> _WHAT YOU ARE ASKED TO DO_
An exact reproduction is needed of every line from the beginning of the data down to and including the line that contains "XinGeeek Electric Bike", minus the pictures.

> _MATERIAL PROVIDED_
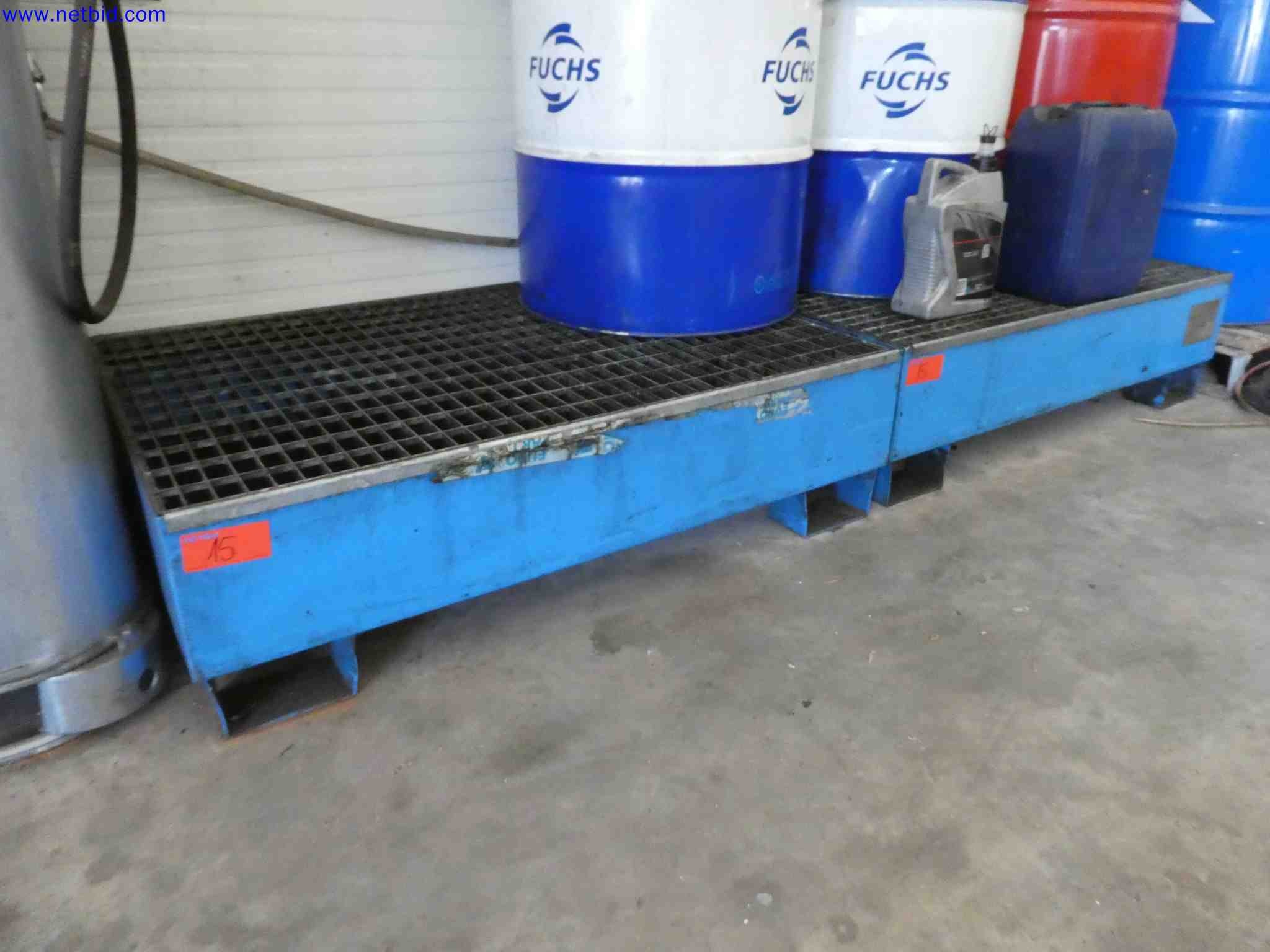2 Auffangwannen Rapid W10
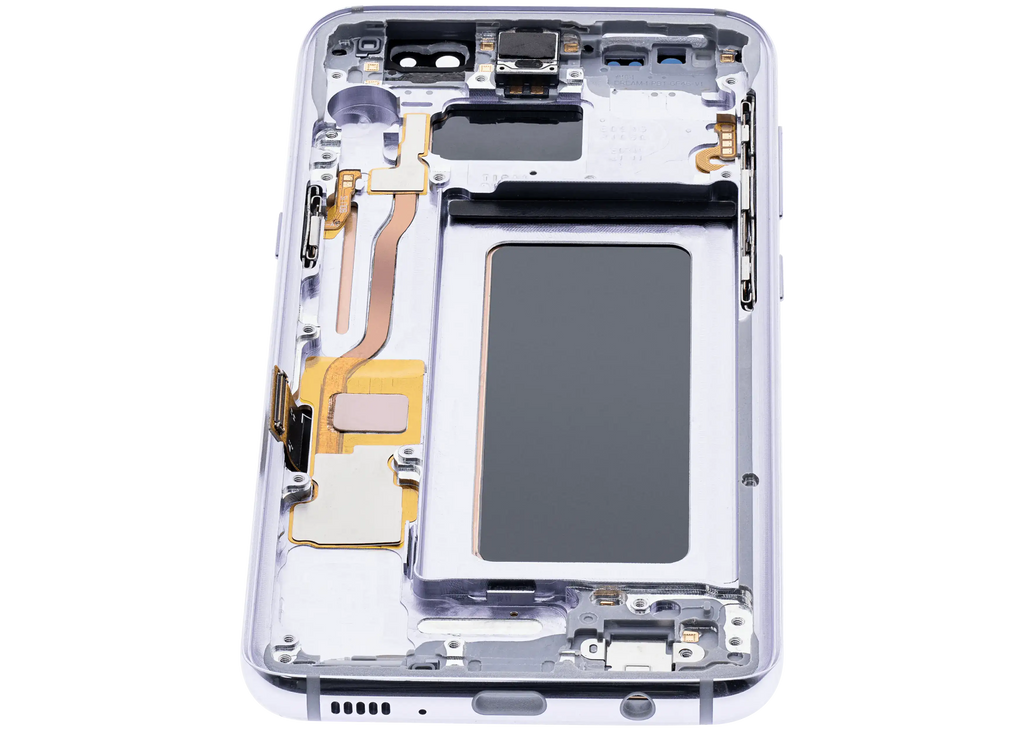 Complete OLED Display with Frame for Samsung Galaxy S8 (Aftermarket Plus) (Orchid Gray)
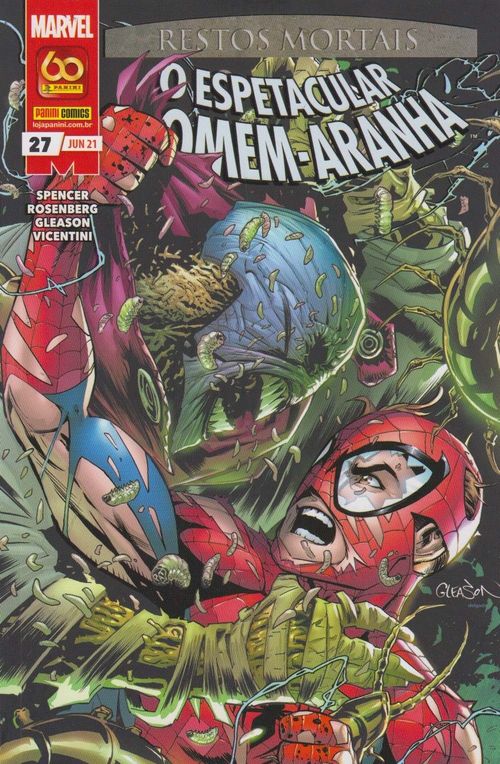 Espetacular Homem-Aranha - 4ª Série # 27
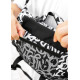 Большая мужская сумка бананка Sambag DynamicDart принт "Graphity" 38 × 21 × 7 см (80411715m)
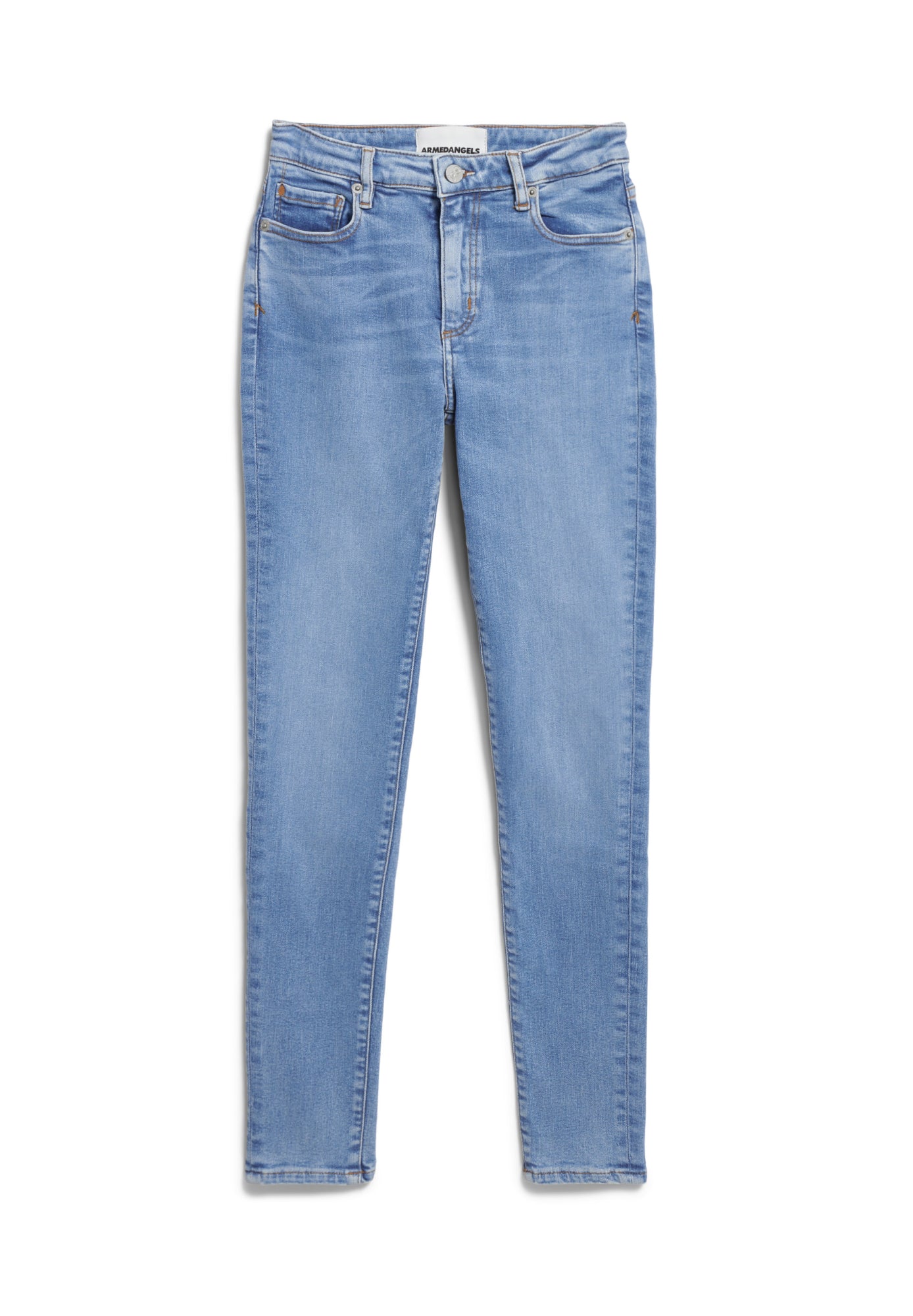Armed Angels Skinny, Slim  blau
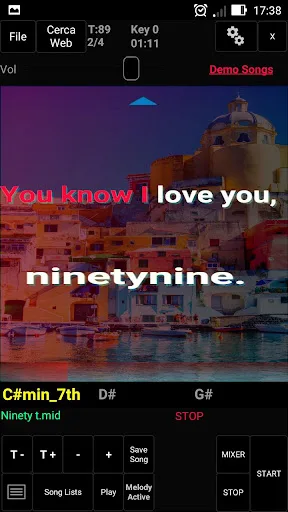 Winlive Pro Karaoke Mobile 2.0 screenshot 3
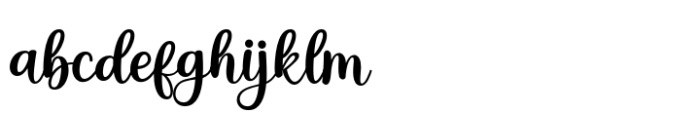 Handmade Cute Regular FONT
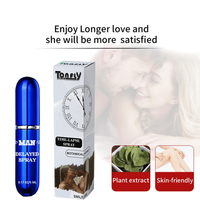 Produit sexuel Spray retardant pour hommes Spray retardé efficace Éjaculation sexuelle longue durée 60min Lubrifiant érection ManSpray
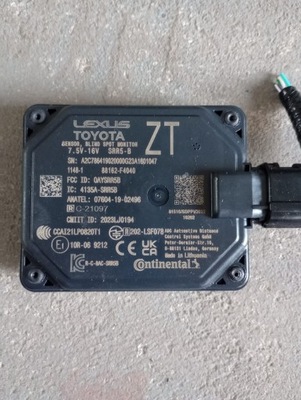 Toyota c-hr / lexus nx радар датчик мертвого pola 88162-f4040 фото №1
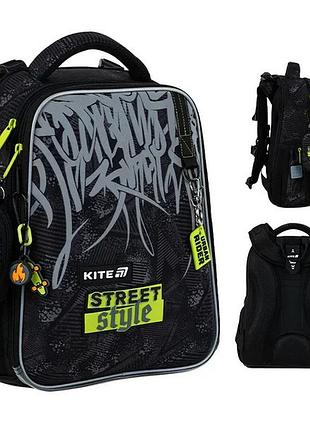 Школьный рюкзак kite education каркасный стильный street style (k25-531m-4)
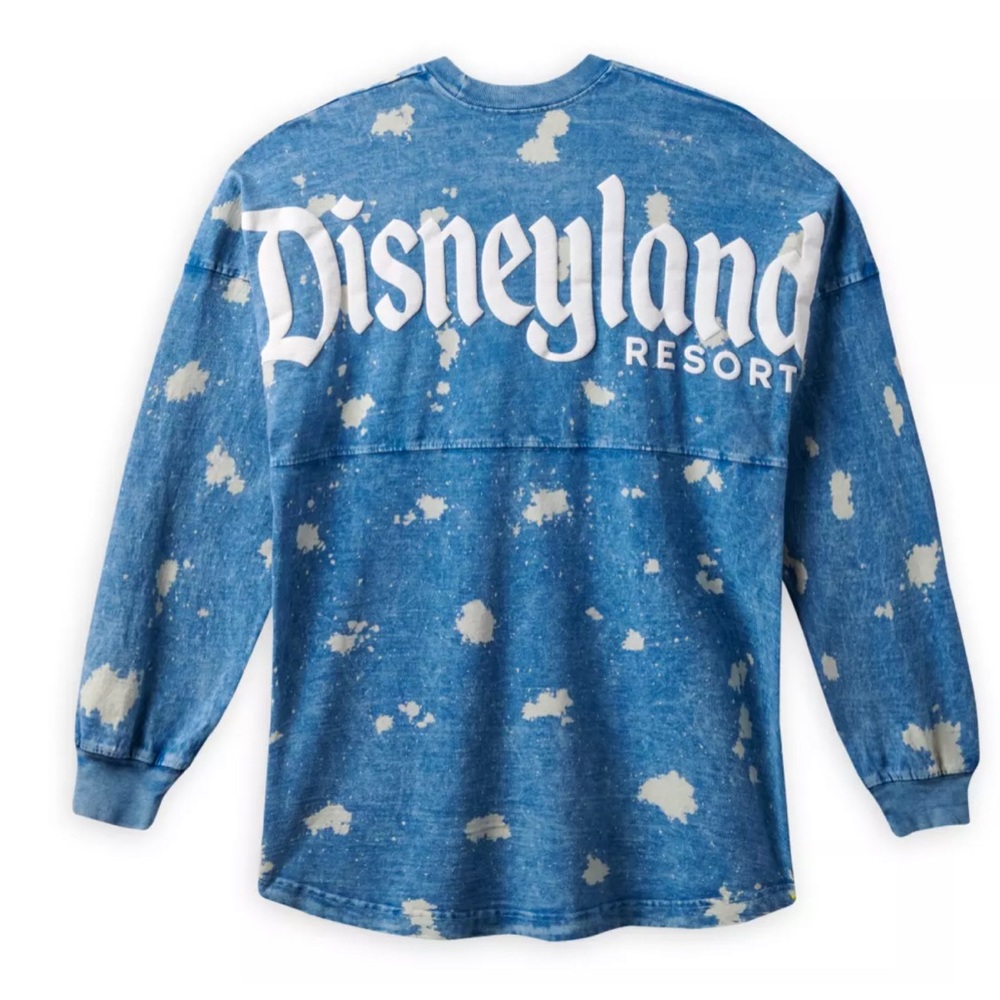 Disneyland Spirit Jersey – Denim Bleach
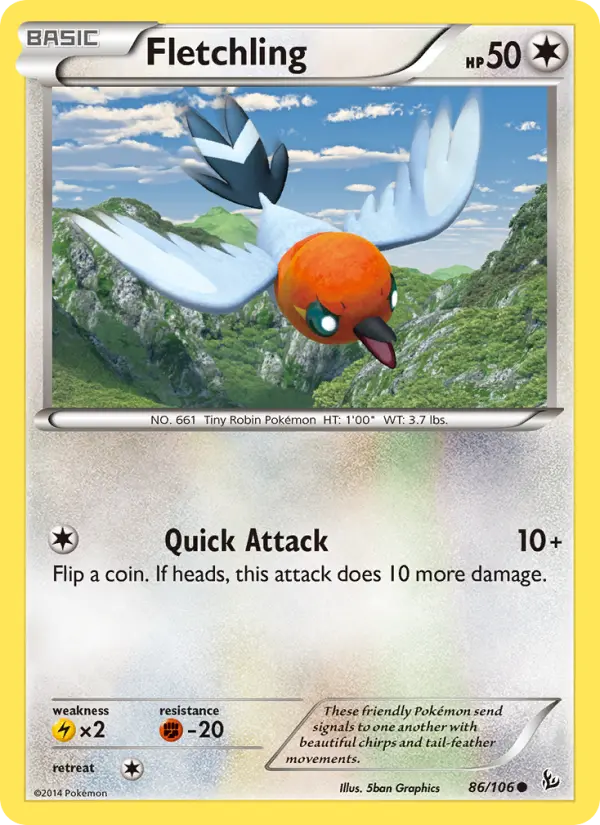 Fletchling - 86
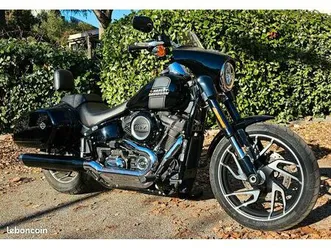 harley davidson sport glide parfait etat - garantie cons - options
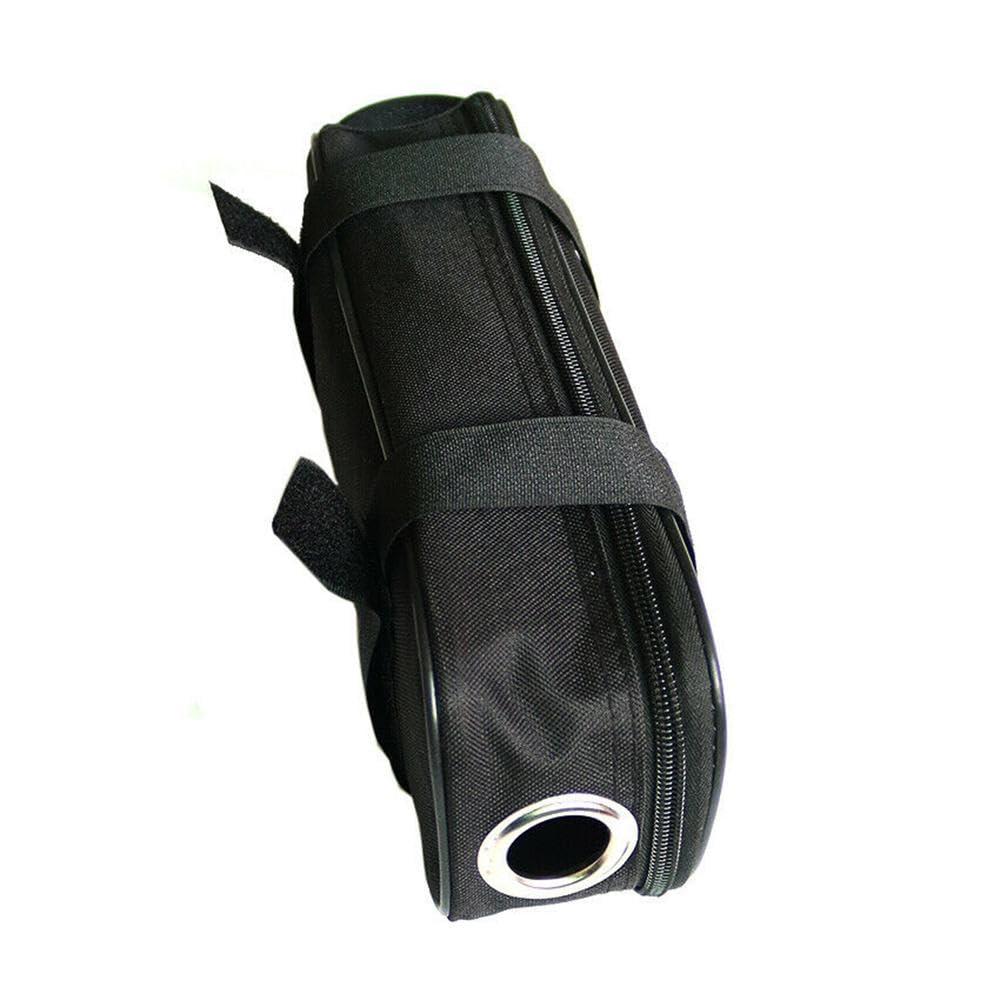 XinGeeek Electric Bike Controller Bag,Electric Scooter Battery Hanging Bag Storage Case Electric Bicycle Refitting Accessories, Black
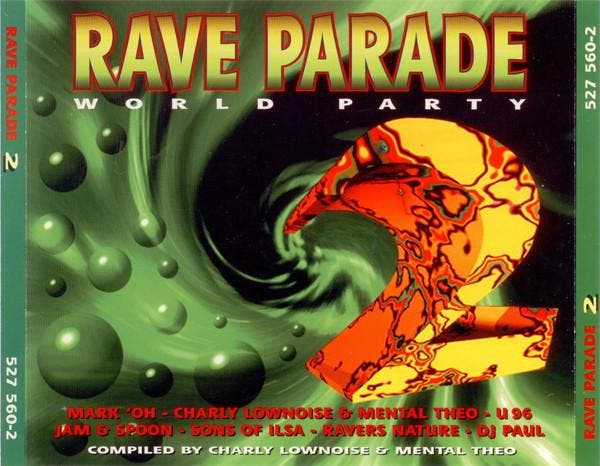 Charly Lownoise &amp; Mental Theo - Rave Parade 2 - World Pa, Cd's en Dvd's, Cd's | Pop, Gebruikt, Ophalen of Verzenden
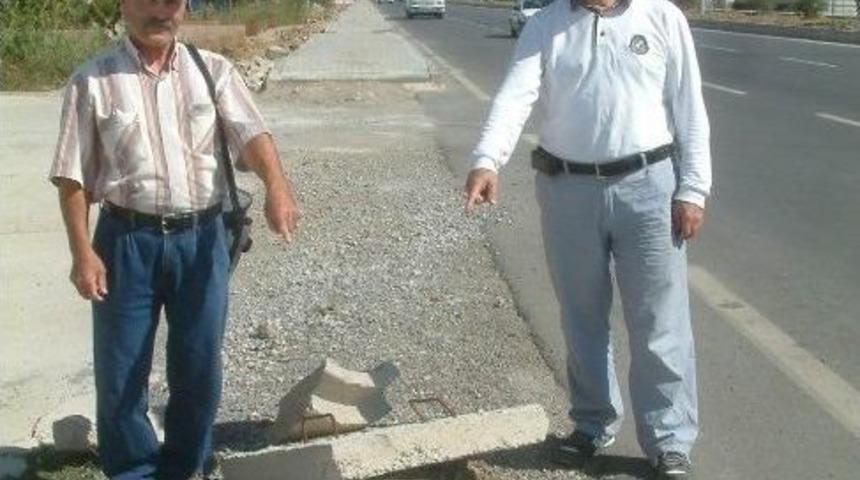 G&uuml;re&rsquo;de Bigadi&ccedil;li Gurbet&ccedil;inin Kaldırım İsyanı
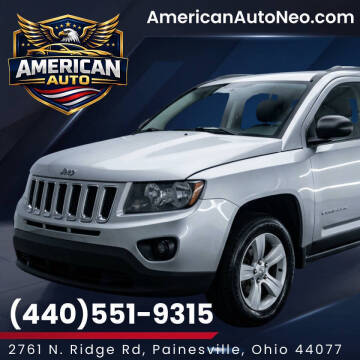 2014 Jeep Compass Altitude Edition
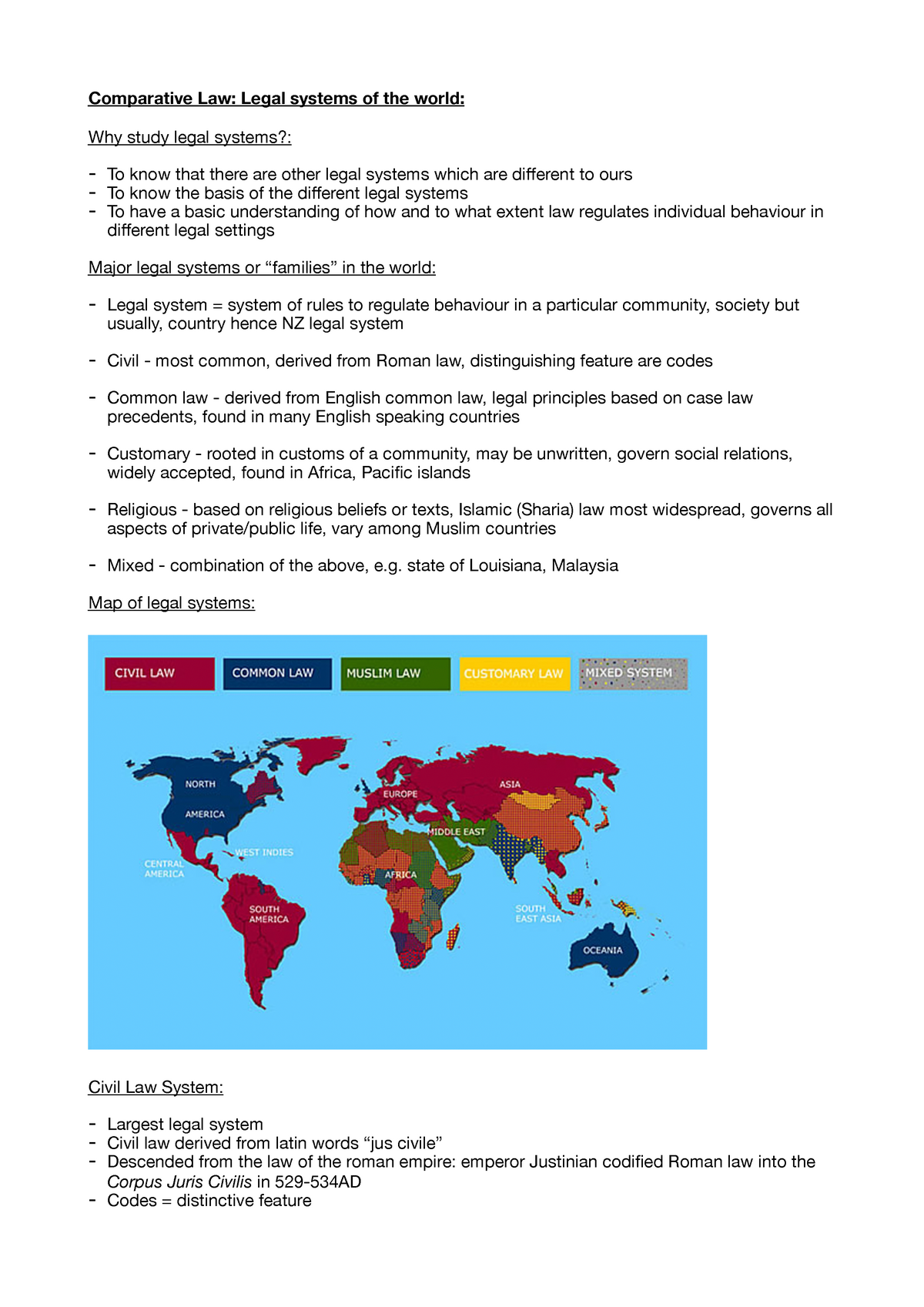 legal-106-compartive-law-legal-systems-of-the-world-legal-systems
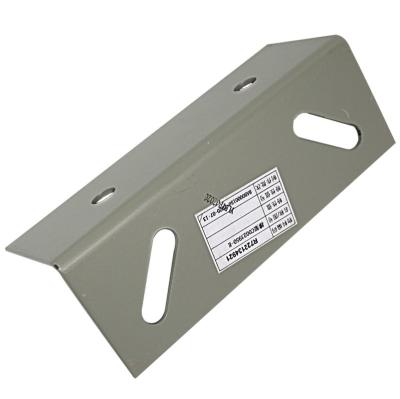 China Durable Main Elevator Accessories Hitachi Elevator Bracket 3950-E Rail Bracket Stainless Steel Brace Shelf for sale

> _EXERCISE SOLUTION_
2 Auffangwannen Rapid W10
 Complete OLED Display with Frame for Samsung Galaxy S8 (Aftermarket Plus) (Orchid Gray)
 Espetacular Homem-Aranha - 4ª Série # 27
 Большая мужская сумка бананка Sambag DynamicDart принт "Graphity" 38 × 21 × 7 см (80411715m)
Armed Angels Skinny, Slim  blau
 Winlive Pro Karaoke Mobile 2.0 screenshot 3
 Handmade Cute Regular FONT
 Produit sexuel Spray retardant pour hommes Spray retardé efficace Éjaculation sexuelle longue durée 60min Lubrifiant érection ManSpray
 Toyota c-hr / lexus nx радар датчик мертвого pola 88162-f4040 фото №1
 Школьный рюкзак kite education каркасный стильный street style (k25-531m-4)
 Disneyland Spirit Jersey – Denim Bleach
 Fletchling - 86
 harley davidson sport glide parfait etat - garantie cons - options
 XinGeeek Electric Bike Controller Bag,Electric Scooter Battery Hanging Bag Storage Case Electric Bicycle Refitting Accessories, Black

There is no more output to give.